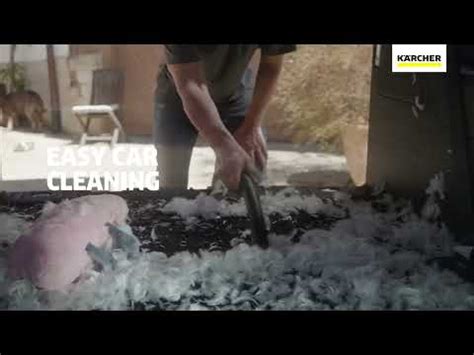 Karcher WD3* EU-I/WD3* EU Wet & Dry Vacuum Cleaner with Powerful ...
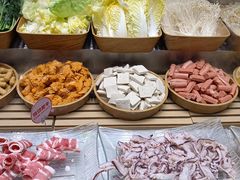 千叶豆腐-阿上阿上麻辣香锅&麻辣烫(朝阳蓝色港湾店)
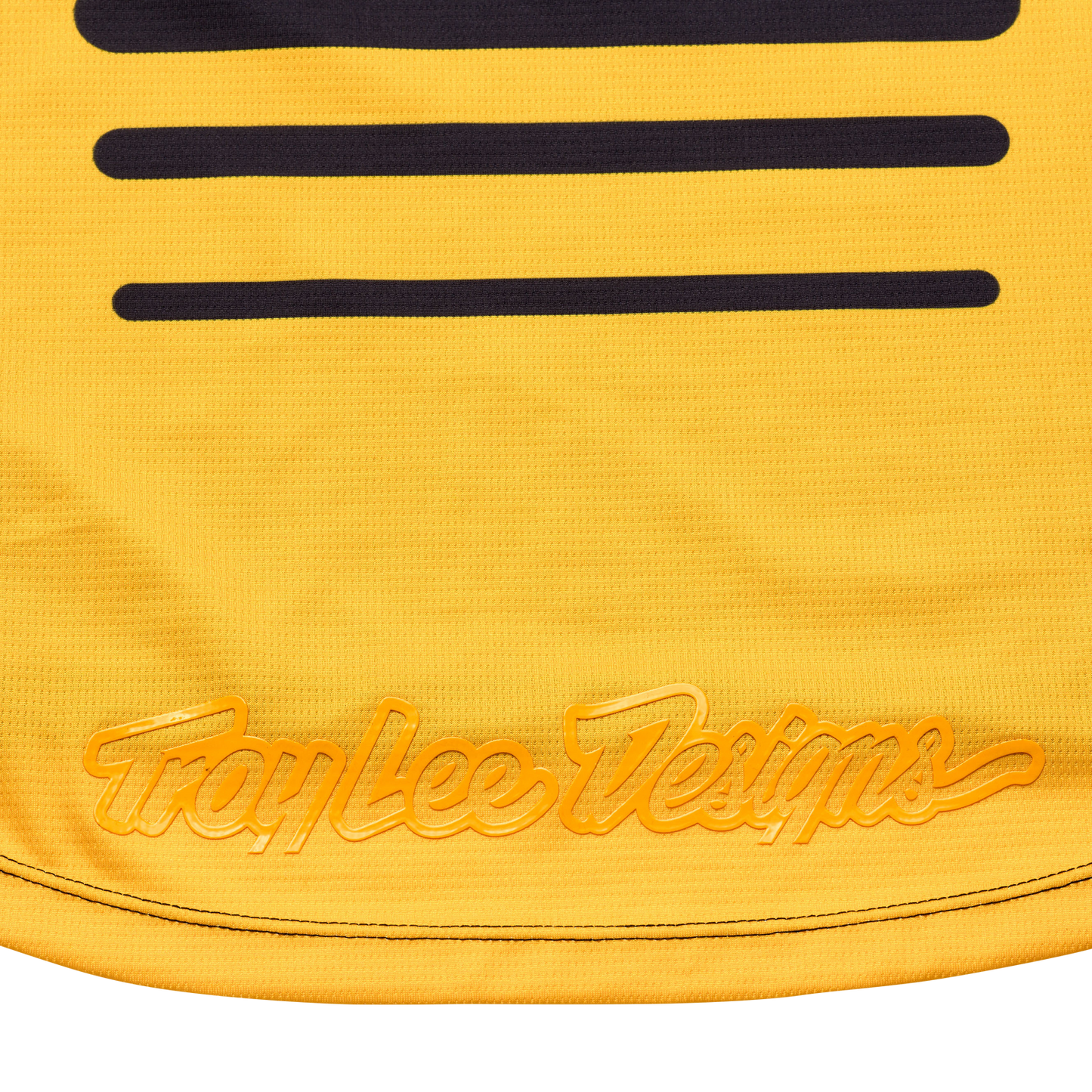 TroyLee Designs 25.1 GP Pro Jersey 50-50 - Black / Gold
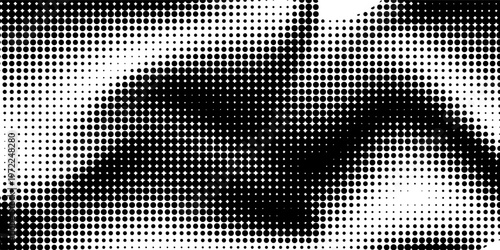 Glitch distorted grunge layer . Noise destroyed texture . Trendy defect error shapes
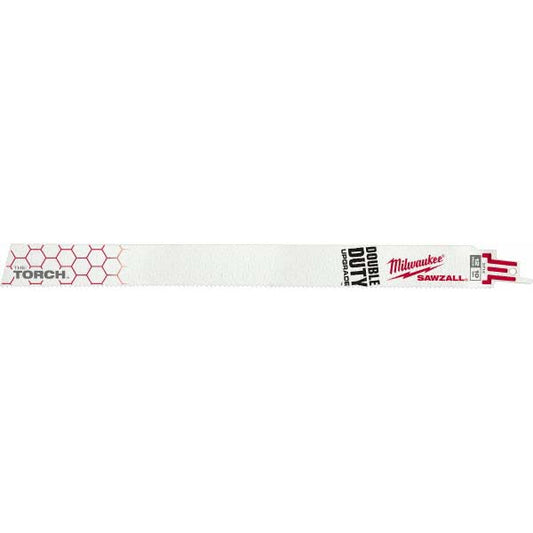 Milwaukee Tool 48-00-5714 Reciprocating Saw Blade High Speed Steel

Task requirements — Write out only the lines from the one that contains "千叶豆腐-阿上阿上麻辣香锅&麻辣烫(朝阳蓝色港湾店)" through the last line of the records above, both included, word for word and without the pictures.

Response to this exercise —
 千叶豆腐-阿上阿上麻辣香锅&麻辣烫(朝阳蓝色港湾店)
 TroyLee Designs 25.1 GP Pro Jersey 50-50 - Black / Gold
 Glitch distorted grunge layer . Noise destroyed texture . Trendy defect error shapes
 Milwaukee Tool 48-00-5714 Reciprocating Saw Blade High Speed Steel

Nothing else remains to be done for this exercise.